Vous vous souvenez de ce péché qui nous recouvre comme la mer ? Et bien la première lecture que nous avons entendu nous rappelle également ceci, « le Seigneur, […] [fait] un chemin dans la mer, un sentier dans les eaux puissantes » qui nous envahissent.
« Le Seigneur dit » dans cette même lecture du livre du prophète Isaïe : « Ne faites plus mémoire des événements passés, … » [ils sont pardonnés] « … ne songez plus aux choses d’autrefois, … » [allons de l’avant]. « … Voici que je fais une chose nouvelle : elle germe déjà … » [la sainteté que j’ai mise en vous], « … ne la voyez-vous pas ? »
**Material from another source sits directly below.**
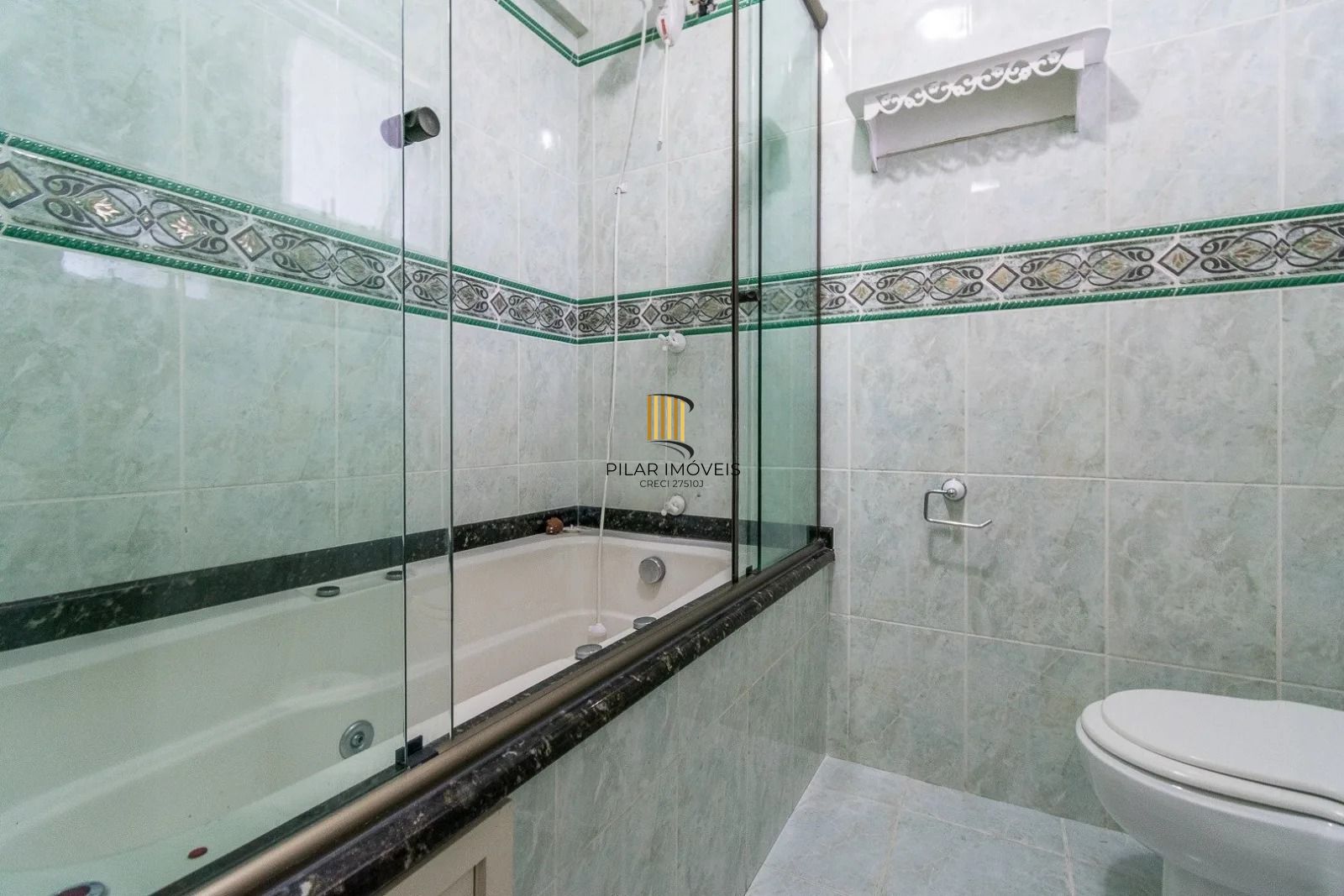 Cobertura com 3 dorm 189m² privativos 2 vagas individuais -  Jardim Lindóia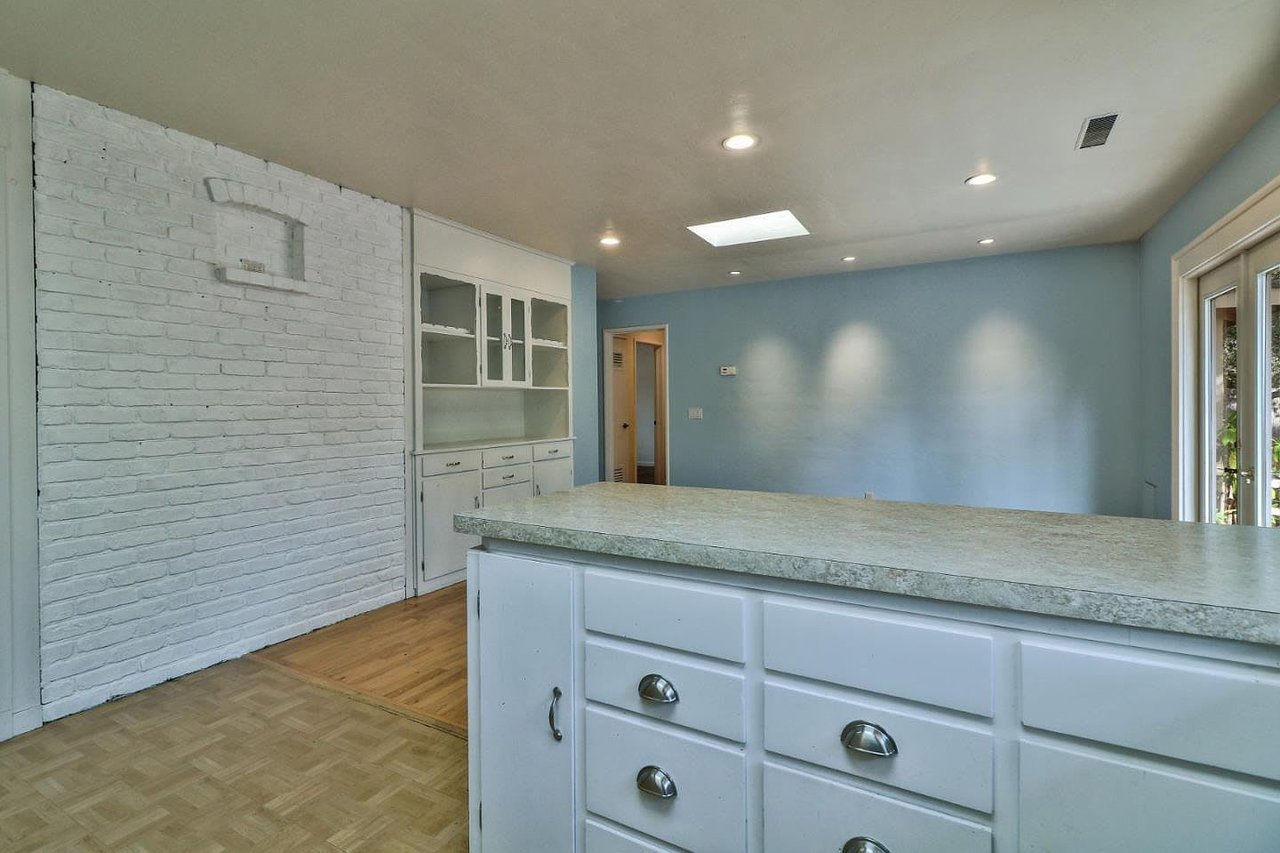 2887 Oak Knoll Rd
Frères et Sœurs, nous voici dans la dernière ligne droite avant la fête de Pâques. La noirceur des ténèbres va s’abattre sur notre Sauveur et sur l’humanité, mais lui, il va ressusciter et éclairer le monde de sa lumière. Ne perdons pas espoir, continuons le combat de notre Carême pour que la lumière du Christ rayonne et resplendisse dans le monde. Comme le dit une autre hymne du bréviaire, si nous sentons notre vie recouverte par le péché, rappelons-nous que « l’éclat du Seigneur remplira l’univers mieux que l’eau ne couvre les mers ! »2
Profitons de cette Eucharistie qui nous a été donnée de vivre ensemble pour demander la grâce toute particulière de la sainteté. Demandons cette grâce pour que nous sachions, par notre exemplarité, aider Dieu à agir dans nos vies et dans la vie de notre prochain avec compassion, miséricorde et exigence par amour.
Profitons de ces quelques instants de silence qui nous sont donnés maintenant pour demander tout cela au Seigneur, dans le secret de nos cœurs.
1Hymne « Nul n’est disciple ».
2Hymne « Dieu est à l’œuvre en cet âge ».